### PROBLEM REQUIREMENTS
Look below for the line that contains "Tourbillon1969A", then quote it and all the lines after it, exactly, with the pictures left out.

### GIVEN RECORDS
---
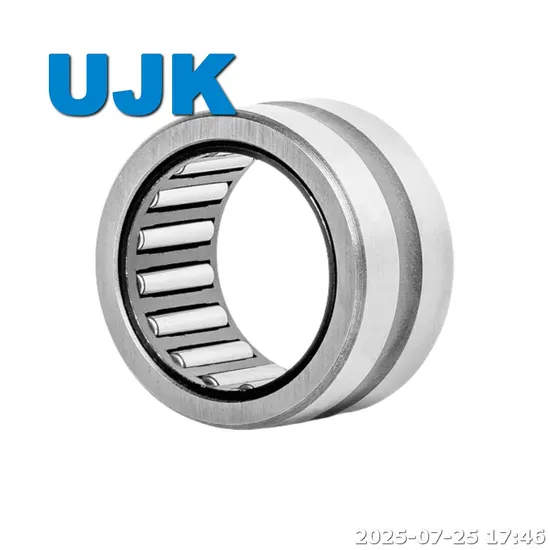 Na Rna Needle Roller Bearings Na4856 Na4860 Na4864 Na4868 Na4872 Na49/8 Na49/9 Na4900 Na4901 Na4902 Na4903 Na4904 Na49/22 pictures & photos
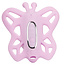 Calexotics Remote Venus Butterfly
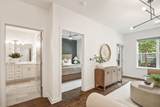 1677 54th Ave - Photo 14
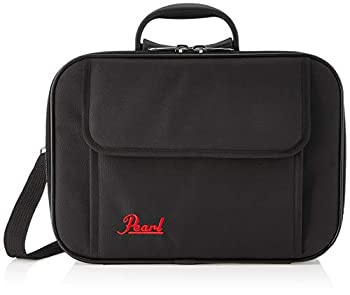【中古-非常に良い】Pearl パール ドラムペダルバック EPB-1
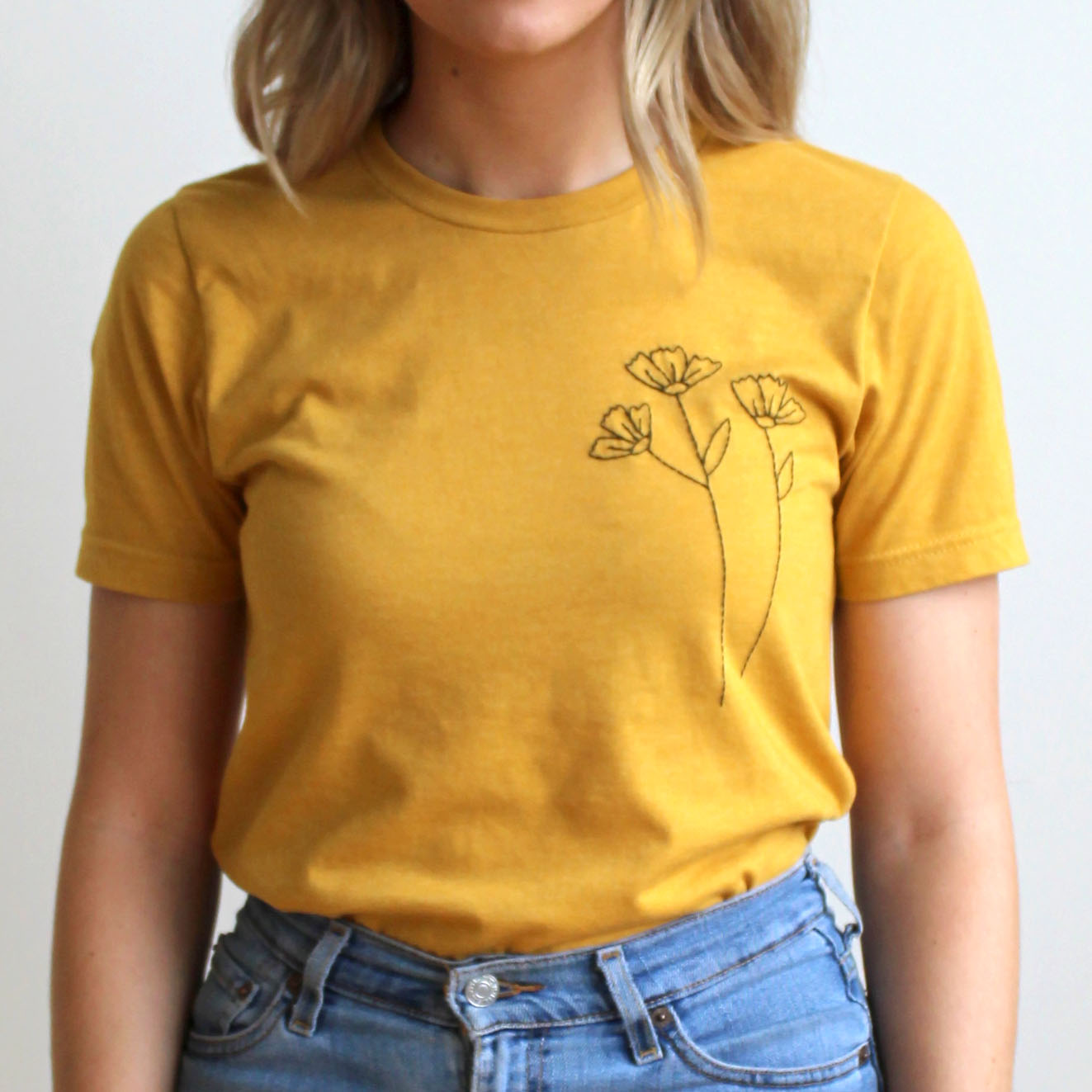 yellow3.jpg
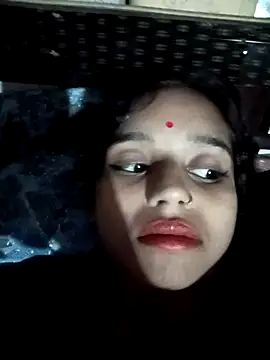 Snapshot of Cuty_kanchna chatting on November 2025 03:14:02 PM Cuty kanchna online show from November 2025 03:14:02 PM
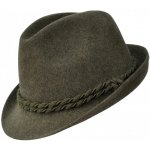 Werra Hugo pánský myslivecký klobouk – Zboží Dáma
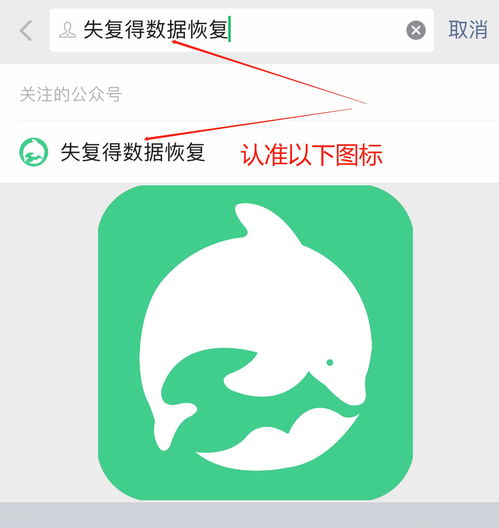 看直播学聊天技巧,聊天直播话术技巧开场白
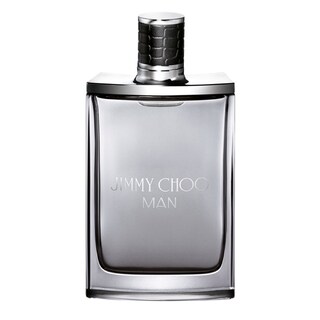 Foto 1 | Perfume Jimmy Choo Man para Hombre de 200 ml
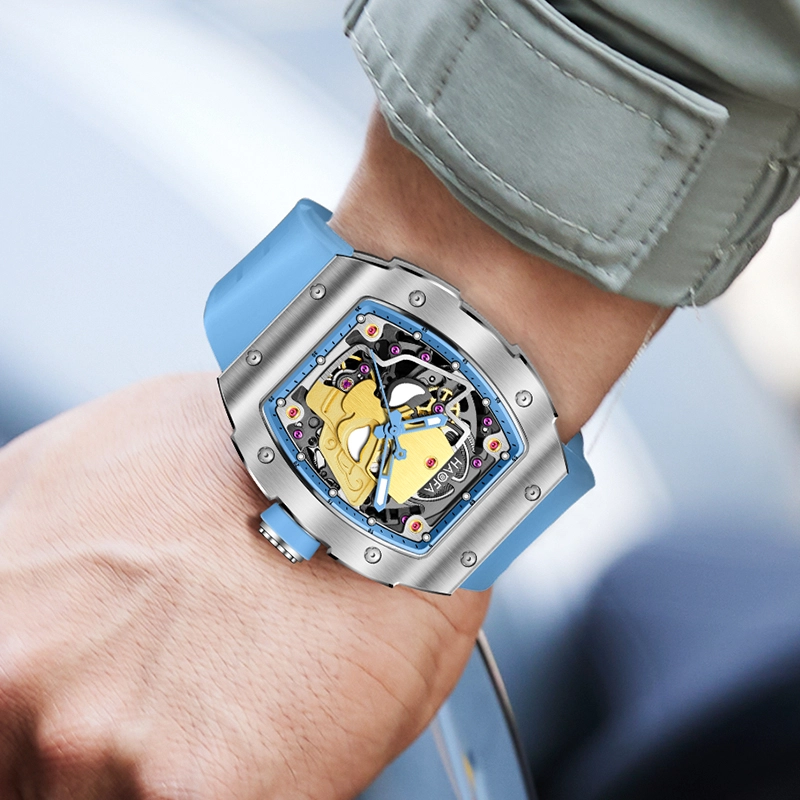 Tourbillon1969A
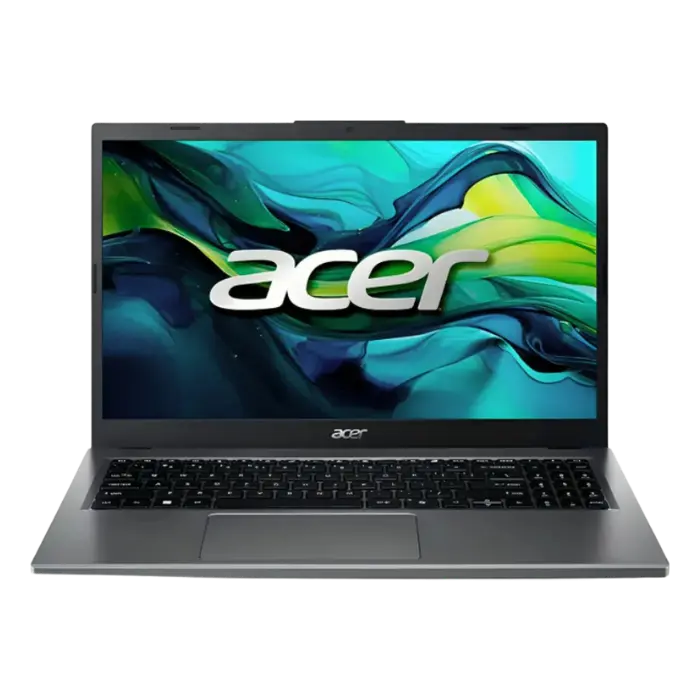 Laptop Acer Aspire Lite 15.6″ Core Ultra 7 1TB SSD 16GB-RAM Win 11 Home Gris NX.KSCAL.009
---
### WRITTEN SOLUTION
 Tourbillon1969A
 Laptop Acer Aspire Lite 15.6″ Core Ultra 7 1TB SSD 16GB-RAM Win 11 Home Gris NX.KSCAL.009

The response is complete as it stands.